Below are records with pictures. Transcribe exactly, and only, the lines from the line with "Cropped Half Zip" to the line with "Practical Learning of", both ends included, but not the pictures.

→ **Raw data**:
..........
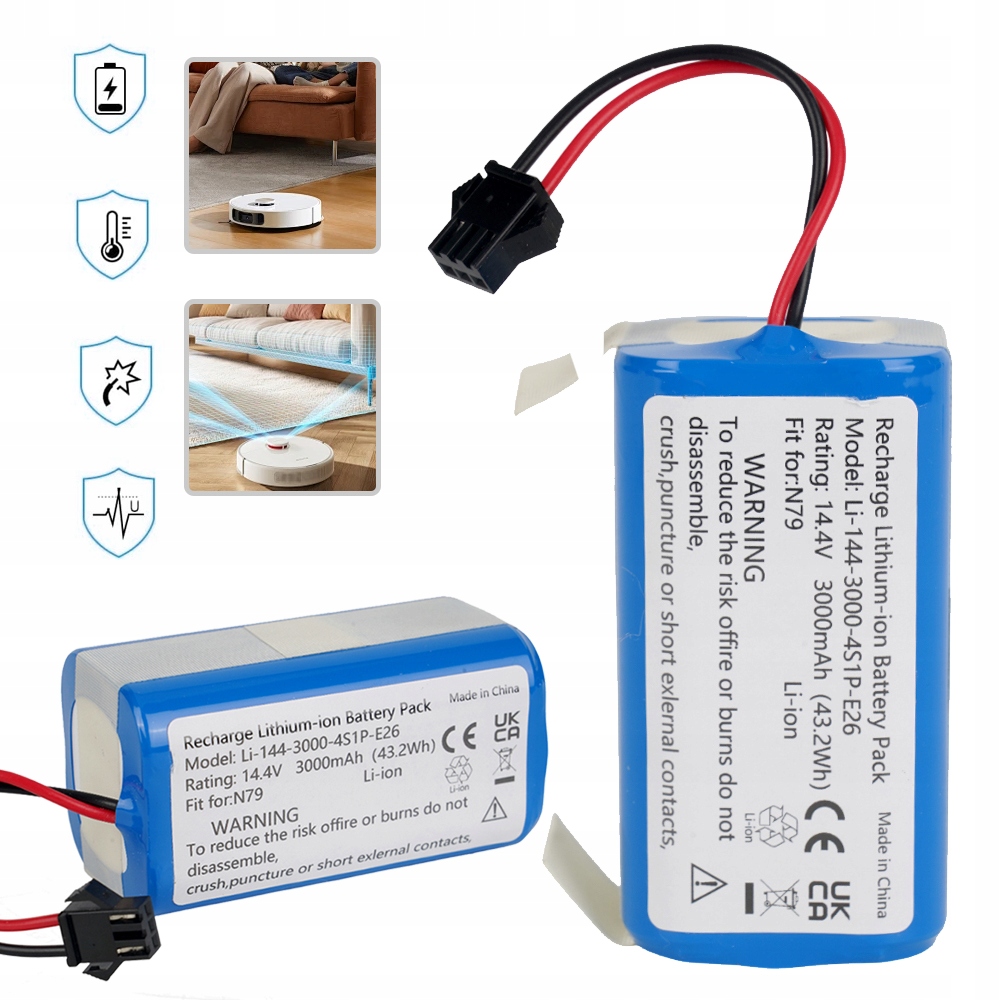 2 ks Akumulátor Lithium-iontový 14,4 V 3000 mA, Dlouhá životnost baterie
..........
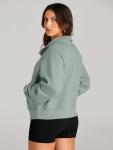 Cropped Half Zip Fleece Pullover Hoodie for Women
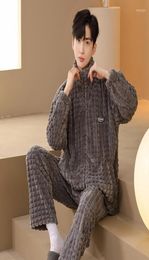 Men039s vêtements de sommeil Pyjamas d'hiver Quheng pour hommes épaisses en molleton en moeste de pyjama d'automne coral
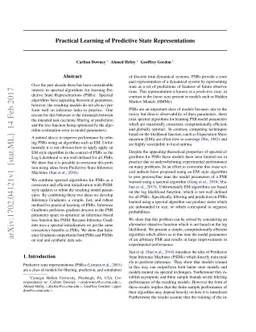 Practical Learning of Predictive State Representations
..........
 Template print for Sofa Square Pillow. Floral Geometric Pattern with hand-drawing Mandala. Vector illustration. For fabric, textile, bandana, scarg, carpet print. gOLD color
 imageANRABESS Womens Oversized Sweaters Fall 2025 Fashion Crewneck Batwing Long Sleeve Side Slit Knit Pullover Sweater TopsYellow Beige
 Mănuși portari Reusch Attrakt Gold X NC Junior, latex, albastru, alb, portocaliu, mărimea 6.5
..........
→ **Solution to this exercise**:
 Cropped Half Zip Fleece Pullover Hoodie for Women
 Men039s vêtements de sommeil Pyjamas d'hiver Quheng pour hommes épaisses en molleton en moeste de pyjama d'automne coral
 Practical Learning of Predictive State Representations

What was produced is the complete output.